15. I have also perused the lease deed of the petitioner executed on 14.09.2017 and registered on 15.09.2017 and the same was valid for a period of 20 years i.e. for the period from 15.09.2017 to 14.09.2037. However, as per Clause 8 of the said lease deed, the parties were in the agreement that the lease deed would become effective only after commencement of the construction work of the gas godown and the rent would also commence from the said date.

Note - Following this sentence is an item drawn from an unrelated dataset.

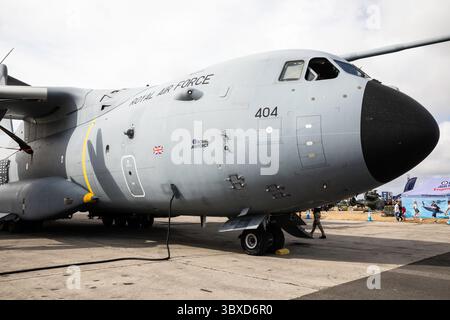 Fairford, Regno Unito. 18 luglio 2025. La RAF Fairford apre oggi per tre giorni, i visitatori entusiasti potranno sperimentare i panorami e i suoni emozionanti di oltre duecentocinquanta aerei di tutte le forme e dimensioni, da tutte le epoche a terra e in aria. Le condizioni di volo erano eccellenti con Blue Skies. Ci sono state più di 4 ore di volo venerdì, sabato e domenica avranno più di sette ore. Crediti: Keith Larby/Alamy Live News Foto Stock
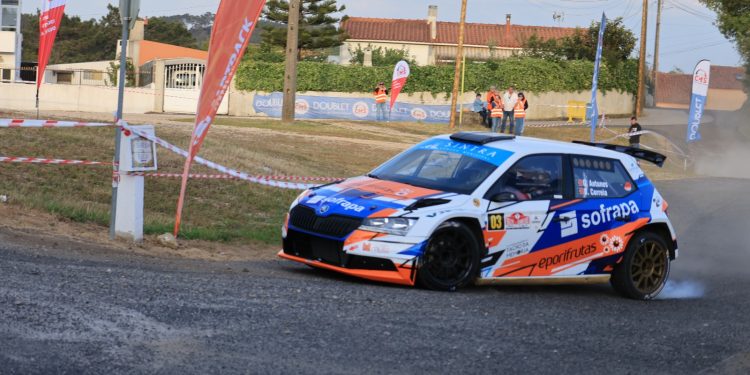 Gil Antunes e Diogo Correia com ritmo forte no Rally das Camélias 16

16. In view of the specific Clause (8) of the said lease agreement, the enforcement of the lease was contingent on the construction of the gas godown which was further clarified with the stipulation that the rent would also commence from the construction of the gas godown. The said stipulation in the lease deed made the petitioner ineligible for being allotted the LPG distributorship since it was a mandatory condition in the said guidelines that the lease had to commence on any day from the date of advertisement till the last date of submission of application. Since the guideline on this aspect is clear and explicit and the respondent-IOCL has acted in accordance with the terms and conditions of the said guidelines, no unreasonability appears in the impugned decision of the respondent no.2. The terms which are clear and have been so understood by the tender inviting authority acting in bona fide manner should be applied in normal course even if, in the view of the court, any other meaning could be possible. This court does not find any mala fide or perversity in the action taken by the respondent-IOCL. It is also possible that a tender condition may cause hardship to any of the tenderer, however the same may not be a

ground to seek direction from the constitutional courts for modification or ignoring the said tender condition. It is a settled law that if an attempt of unsuccessful tenderers persuades the courts to interfere by exercising power of judicial review with imaginary grievances or some technical/procedural violation or some prejudice to self, the same should be resisted. There must be judicial restraint in interfering with administrative action and ordinarily the soundness of the decision taken by the employer should not be questioned, however, the decision-making process can certainly be subject to judicial review.

17. So far the forfeiture of the security amount deposited by the petitioner is concerned, learned counsel for the respondent-IOCL has invited the attention of this court to Clause 26 of the said guidelines which empowers the respondent IOCL to forfeit the security deposit remitted by a candidate in case his/her selection as a distributor is rejected after the field verification of credentials (FVC) or after issuance of LoI but before issuance of the letter of appointment. The petitioner herself had undertaken in the application for appointment of LPG distributorship that if the information given in the application was found false/incorrect/misrepresented, her candidature would be liable to be cancelled along with forfeiture of the amount deposited before FVC. Since the respondent-IOCL has acted in accordance with the terms and conditions of the said guidelines as well as the advertisement, this court does not find any reason to interfere with the decision of forfeiture of the security amount under the writ jurisdiction.

18. One of the arguments of the learned senior counsel for the petitioner is that no opportunity of hearing was provided to the petitioner before passing the impugned order. The learned counsel for the respondent- IOCL has refuted the said contention and has submitted that the petitioner was given every opportunity to satisfy her claim and even personal hearing was given to her, however she failed to explain as to how the lease deed in question satisfied the conditions of the said guidelines. The respondent-IOCL has contended that the petitioner was also given opportunity to provide another land for awarding the distributorship, but she did not accept the said offer and as such having no option left, the impugned order has been passed. Be that as it may. The petitioner has failed to bring on record any other document to suggest that she was eligible to be awarded the LPG distributorship as per the terms and conditions of the said guidelines.

19. The writ petition being devoid of merit is, accordingly, dismissed.